Well, my goal is to minimize my risk, not avoid it entirely. Probably by being gamma-delta neutral, long or short vega depending on my volatility outlook, and either theta neutral or long theta. Why aren't vomma and vanna automatically calculated as well? Being vomma neutral would be great.
Why complicate things? Looking at global thetas (and delta) inherently gives your risk exposure. Vomma risk will be inconsequential day-to-day given your holding time account size.
Thanks. That makes sense. Sometimes I think I have $1.5M and 30 days per position, and try to risk manage accordingly.
If you are going to 'risk $15k' per position you might want to define that a bit more precisely. Is this 15k you are prepared to lose in total. or 15k in theta or 15k in getting the option or delta wrong - are you delta hedged? or 15k in vega. Or is it 15k assuming a stress test and a number of things changing. There are a lot of things to watch, and if its simply 15k then watching the greeks is irrelevant, as your PL will tell you to exit, and you have to watch the mark to markets for your exit price. eg; you buy calls, underlying falls slowly or sits still, theta decays and volatility gets crushed, then you have to cross the bid ask spread........ what if you get the direction right, but theta decays, and vega gets crushed.

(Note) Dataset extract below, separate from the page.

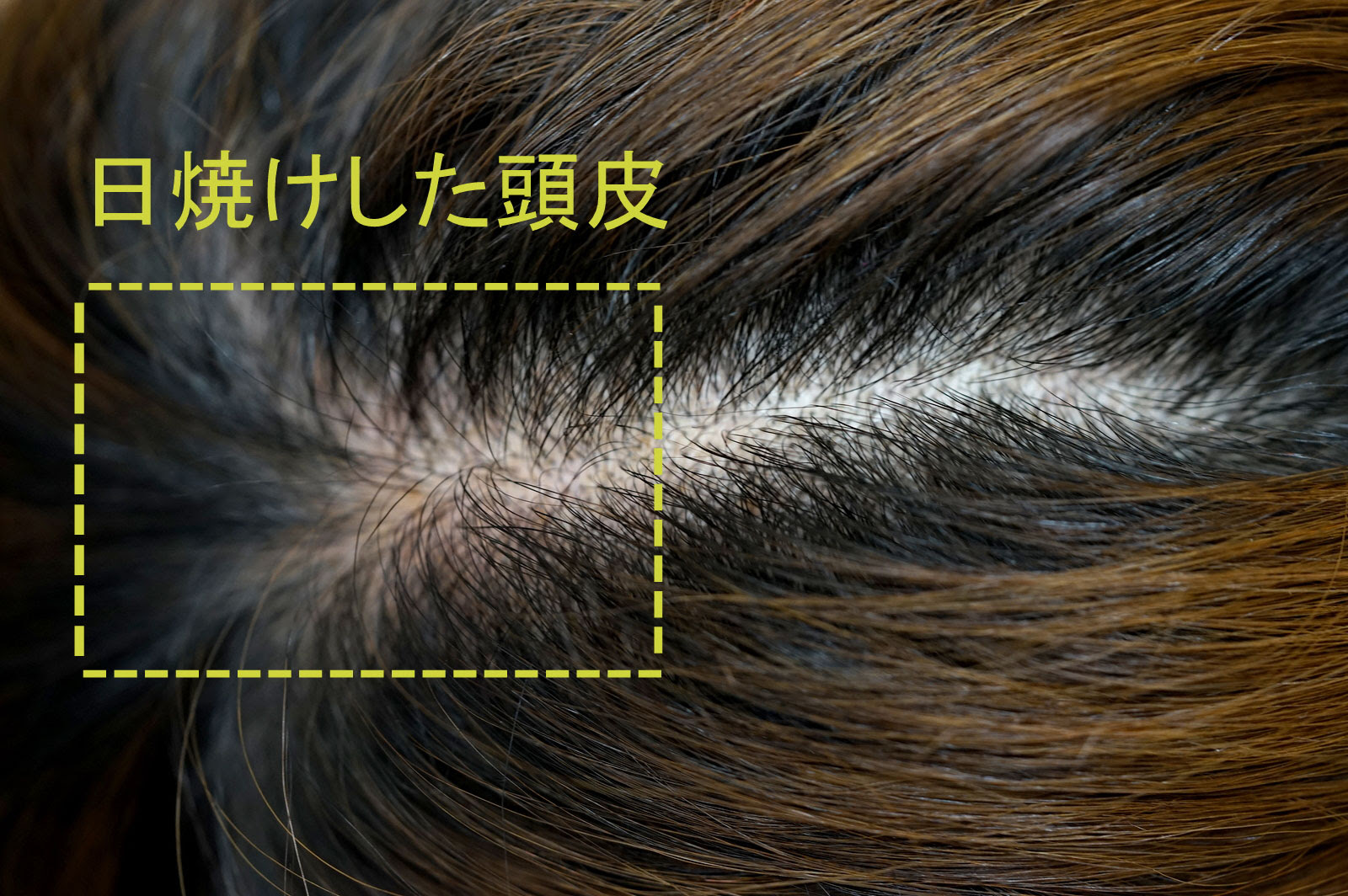 日焼けした頭皮は早めに対処 スキャルプケア編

Problem with greek position limits is that the greeks themselves can change quickly and they are often dependent on the parameters (vol and moneyness). If an option has higher vol, it will have less gamma but it will be a riskier option than an option with lower vol. Most traders use a shock based methology for determining risk limits. They will answer a question similar to "I can't lose more than X on a 20% gap move." This normalizes across all stocks and accounts for all the greeks and their changing behavior. What it doesn't account for is the probability of that 20% gap move. You make a few rules that you have to stay within that keep your loss to 15,000 and constantly check for that. A reasonable rule is that you don't have to put up more than 15,000 of portfolio margin for the underlying.
I'm prepared to risk $15,000 total of Reg T margin (I'm not yet eligible for portfolio margin as I have <$100K and only 1 year of options trading experience). My maximum loss I can withstand is 20% of a position that is 25% of my trading capital.